§ Goal of the exercise:
Go through the listing below. Copy each line that has the string "Black".

§ Excerpted data:
┌────────
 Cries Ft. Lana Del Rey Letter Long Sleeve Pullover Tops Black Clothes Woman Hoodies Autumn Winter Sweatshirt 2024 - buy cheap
└────────
┌────────
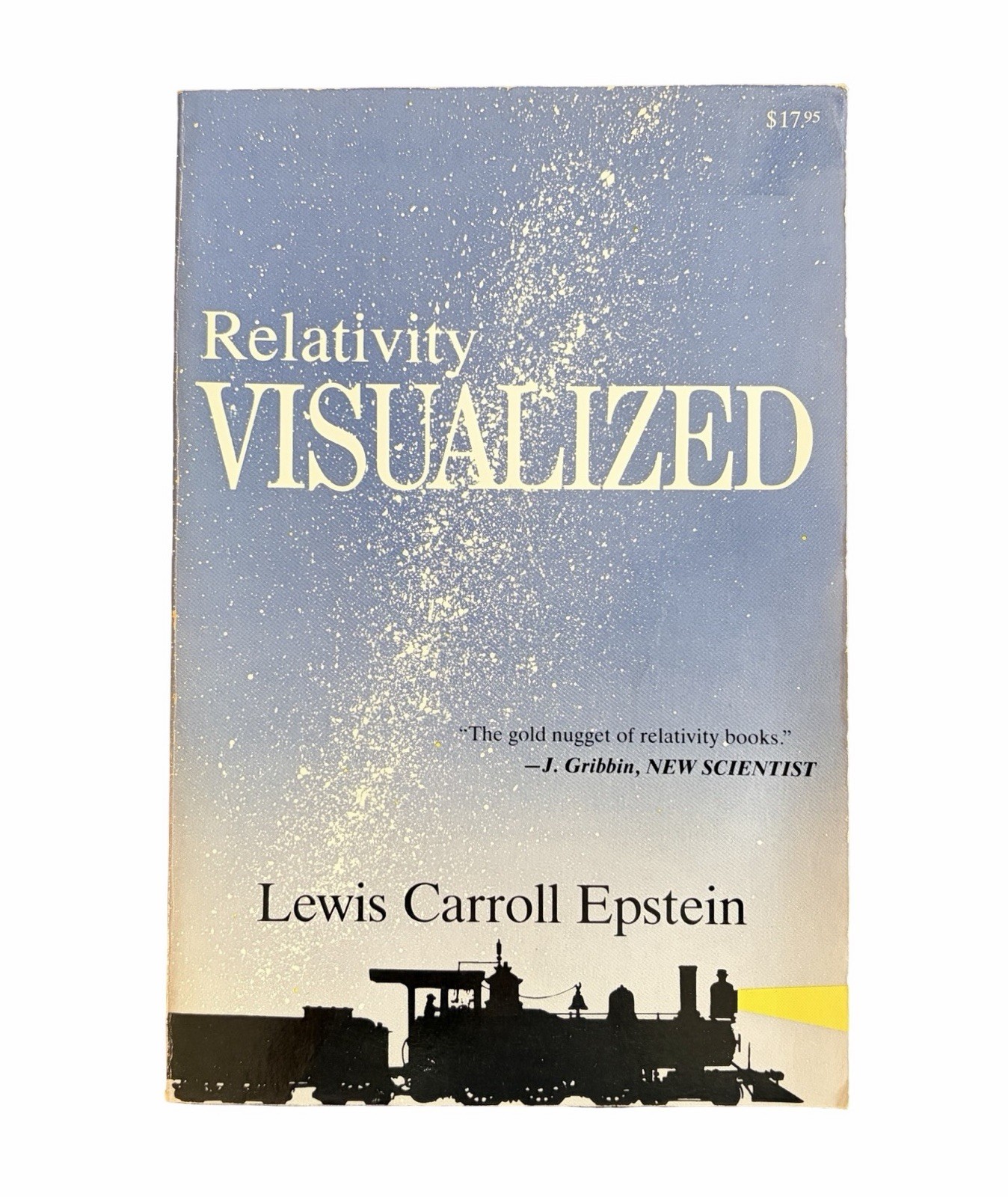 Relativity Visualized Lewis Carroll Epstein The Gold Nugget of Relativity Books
└────────
┌────────
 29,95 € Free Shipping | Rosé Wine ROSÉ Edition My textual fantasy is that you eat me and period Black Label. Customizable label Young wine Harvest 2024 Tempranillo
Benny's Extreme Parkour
└────────
§ Answer box:
 Cries Ft. Lana Del Rey Letter Long Sleeve Pullover Tops Black Clothes Woman Hoodies Autumn Winter Sweatshirt 2024 - buy cheap
 29,95 € Free Shipping | Rosé Wine ROSÉ Edition My textual fantasy is that you eat me and period Black Label. Customizable label Young wine Harvest 2024 Tempranillo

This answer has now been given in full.